▸ **Exercise**: With pictures left out, only the lines from the one containing "THE BUNGALOW, JOLLY" through the end of the records should be reproduced exactly, please.

Short web captions:
################
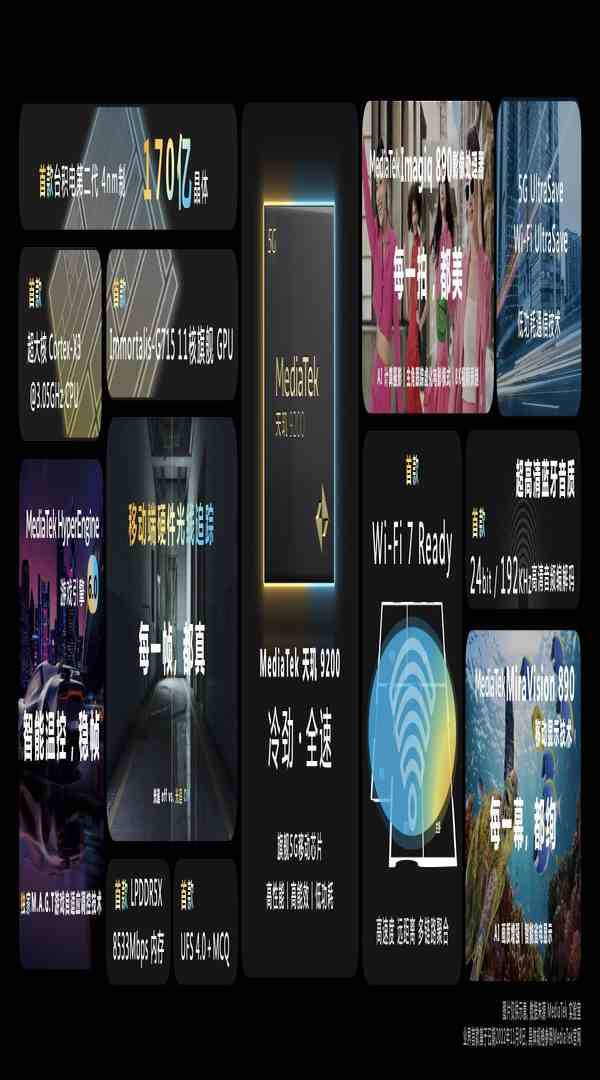 天玑9200太强了！再秀标杆级低功耗表现，冷酷到底！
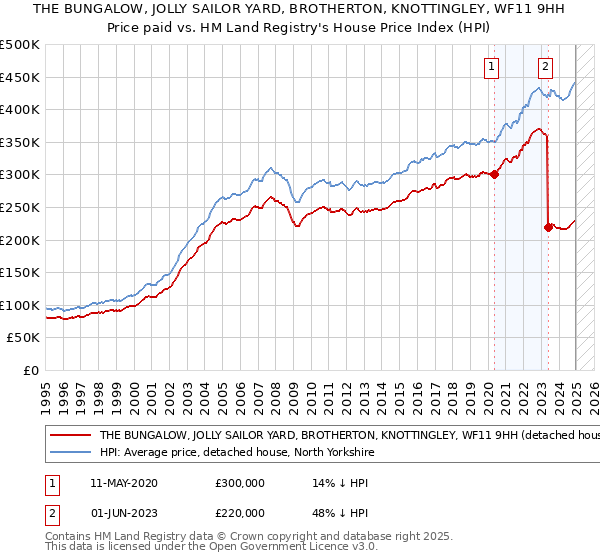 THE BUNGALOW, JOLLY SAILOR YARD, BROTHERTON, KNOTTINGLEY, WF11 9HH: Price paid vs HM Land Registry's House Price Index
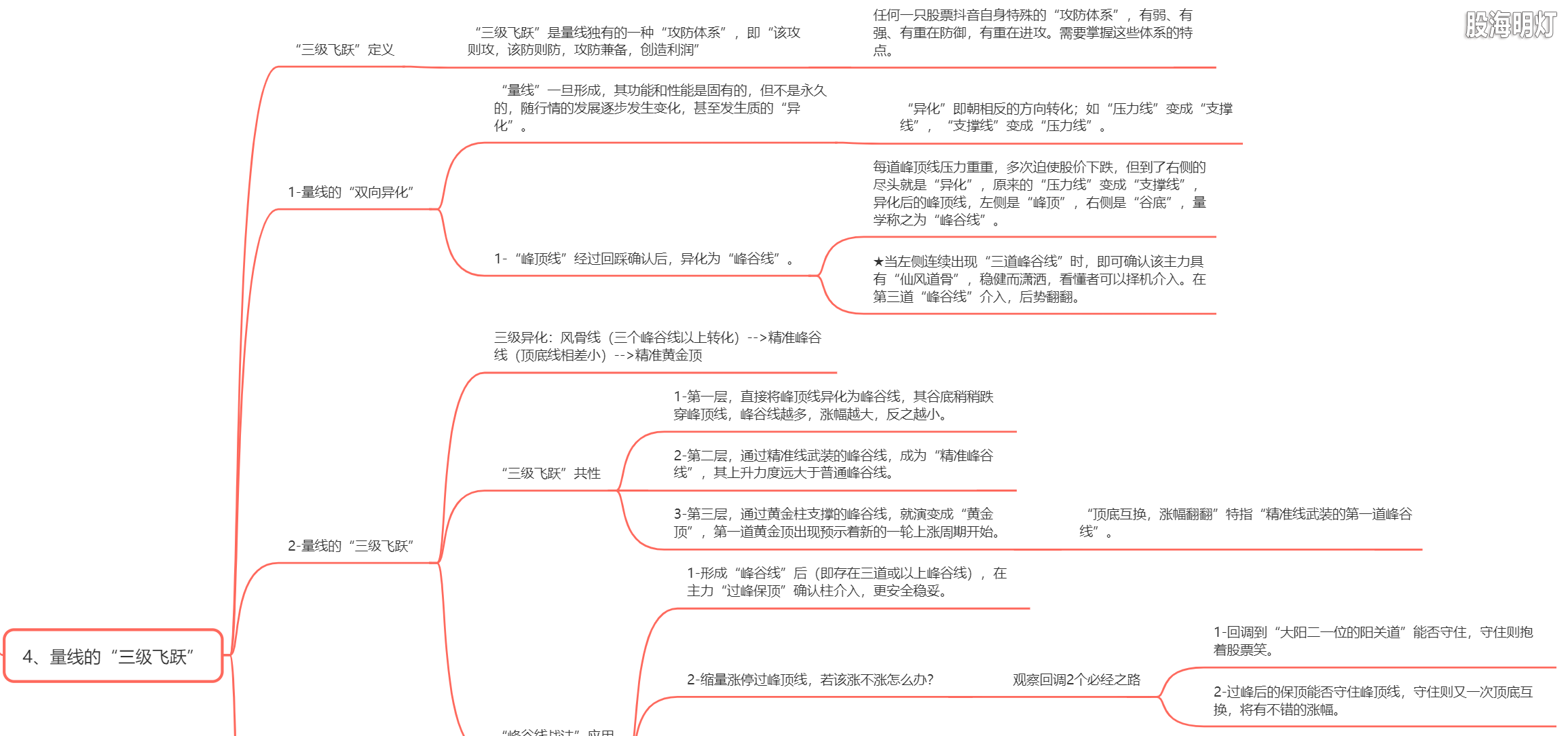 4.1 量线三级飞跃（双向异化）.png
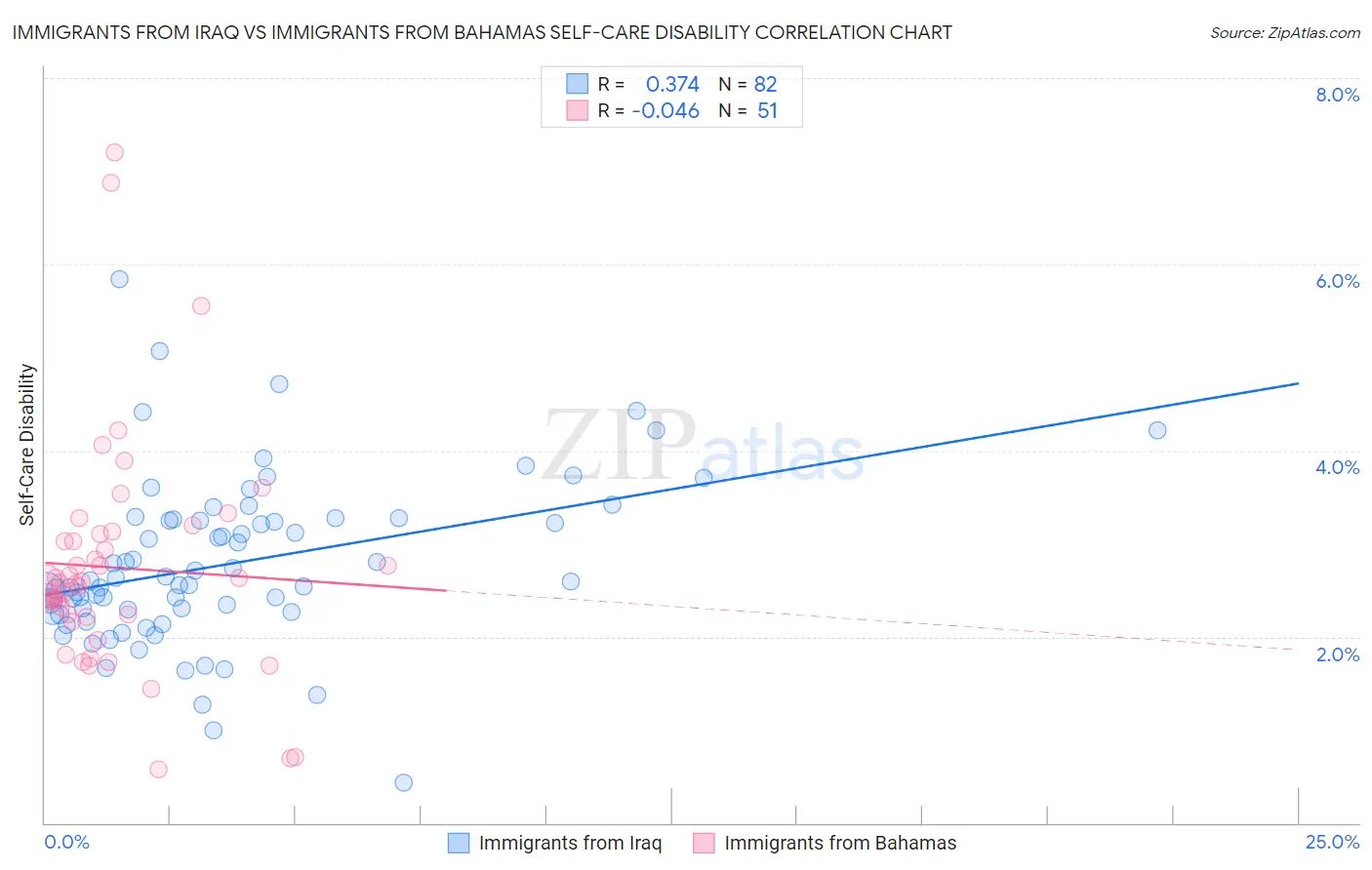 Immigrants from Iraq vs Immigrants from Bahamas Self-Care Disability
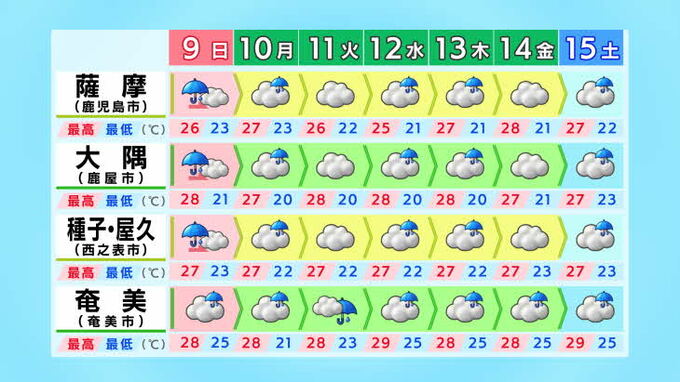 突風や急な強い雨に注意　薩摩、大隅、種子屋久は9日昼前にかけ、奄美は9日朝にかけ　鹿児島　|　鹿児島のニュース｜MBC NEWS｜南日本放送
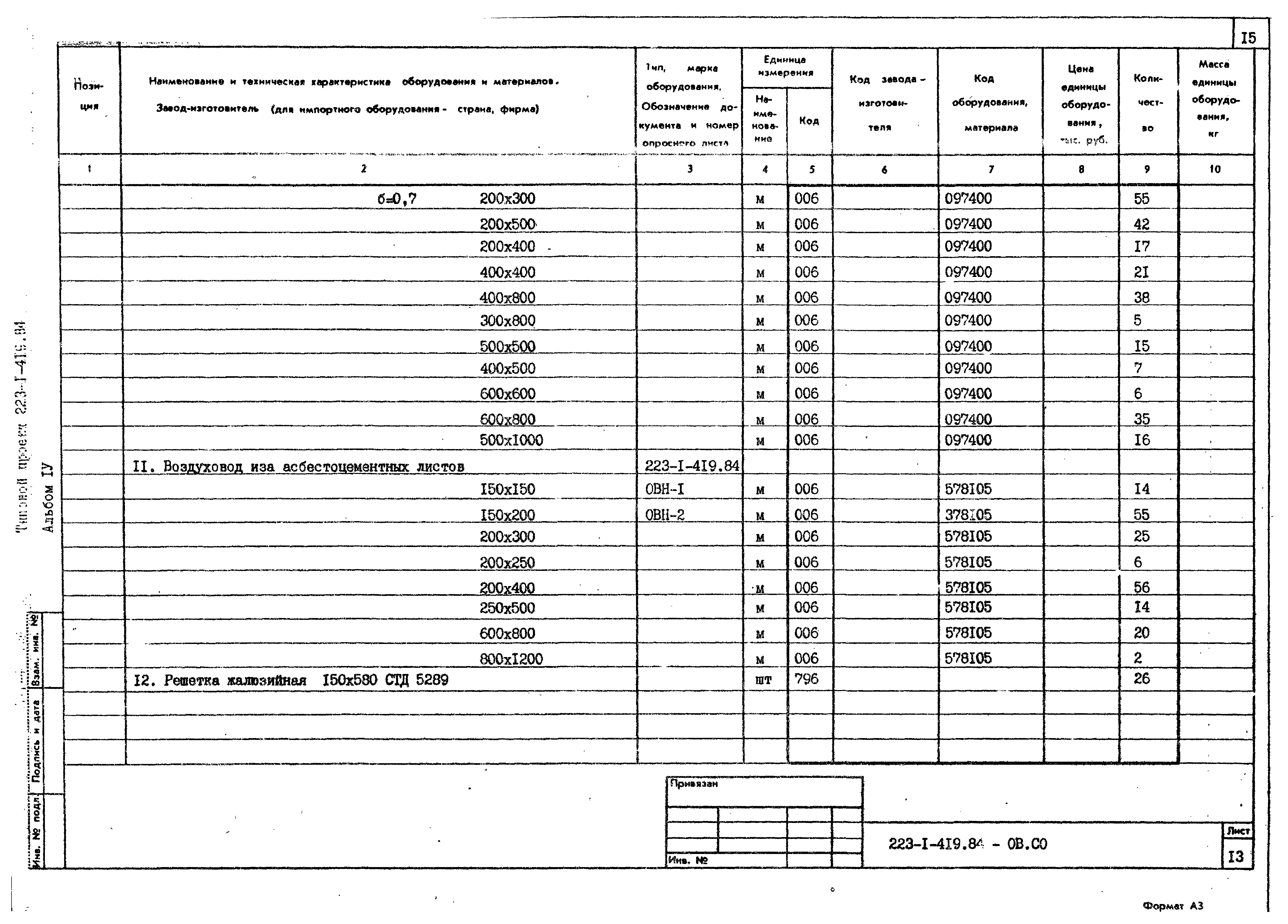 Типовой проект 223-1-419.84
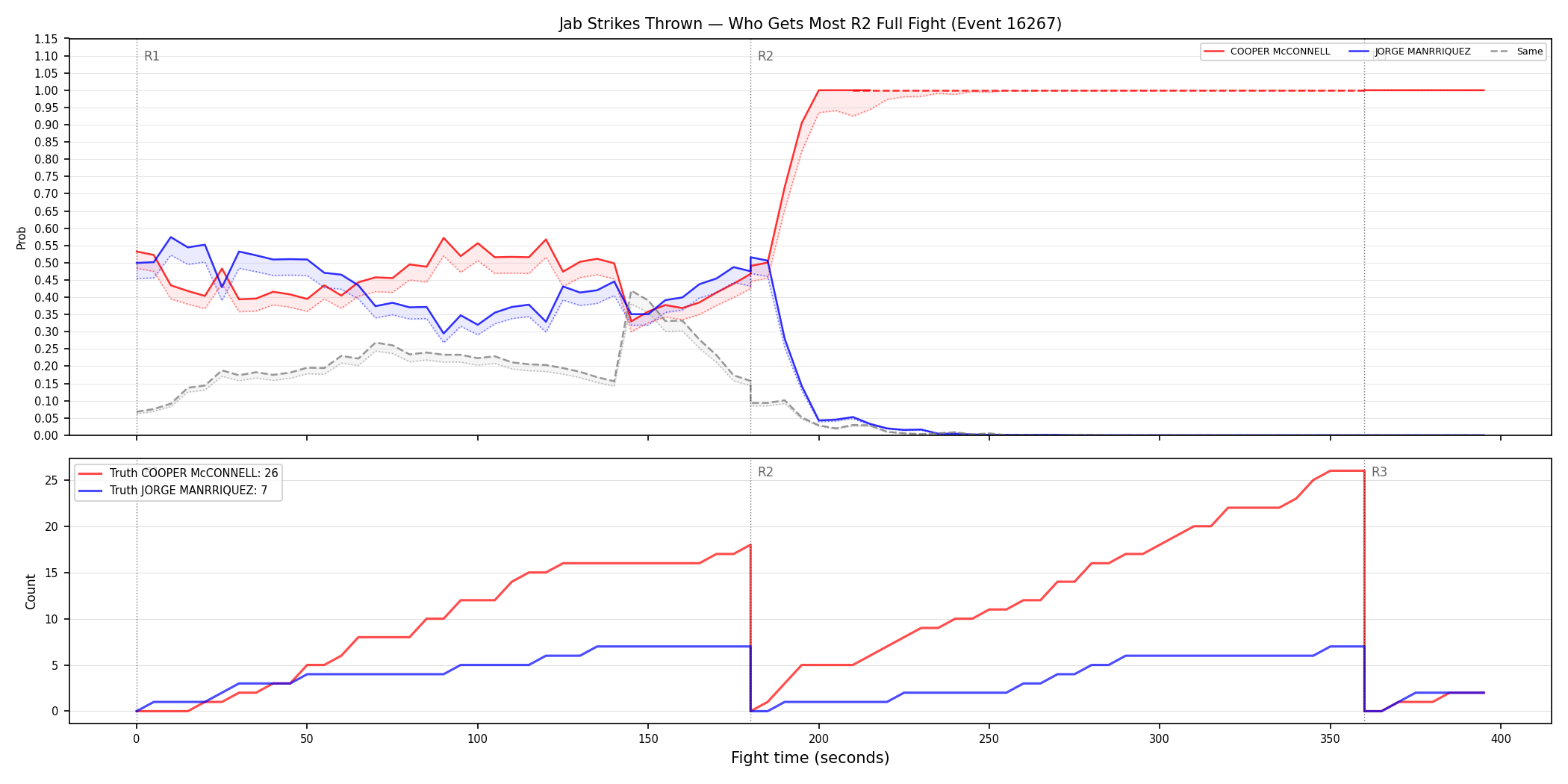 Round: Jab Strikes Thrown — round 2 — fight view — Dev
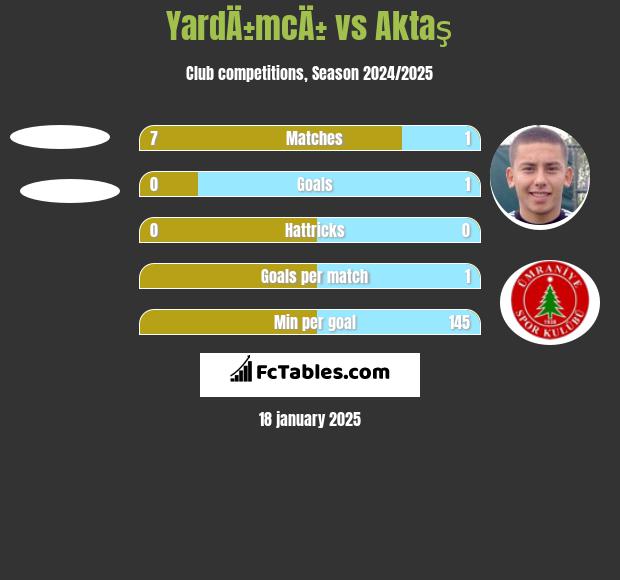 YardÄ±mcÄ± vs Aktaş h2h player stats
################
▸ **Response to the exercise**:
 THE BUNGALOW, JOLLY SAILOR YARD, BROTHERTON, KNOTTINGLEY, WF11 9HH: Price paid vs HM Land Registry's House Price Index
 4.1 量线三级飞跃（双向异化）.png
 Immigrants from Iraq vs Immigrants from Bahamas Self-Care Disability
 突風や急な強い雨に注意　薩摩、大隅、種子屋久は9日昼前にかけ、奄美は9日朝にかけ　鹿児島　|　鹿児島のニュース｜MBC NEWS｜南日本放送
 Типовой проект 223-1-419.84
 Round: Jab Strikes Thrown — round 2 — fight view — Dev
 YardÄ±mcÄ± vs Aktaş h2h player stats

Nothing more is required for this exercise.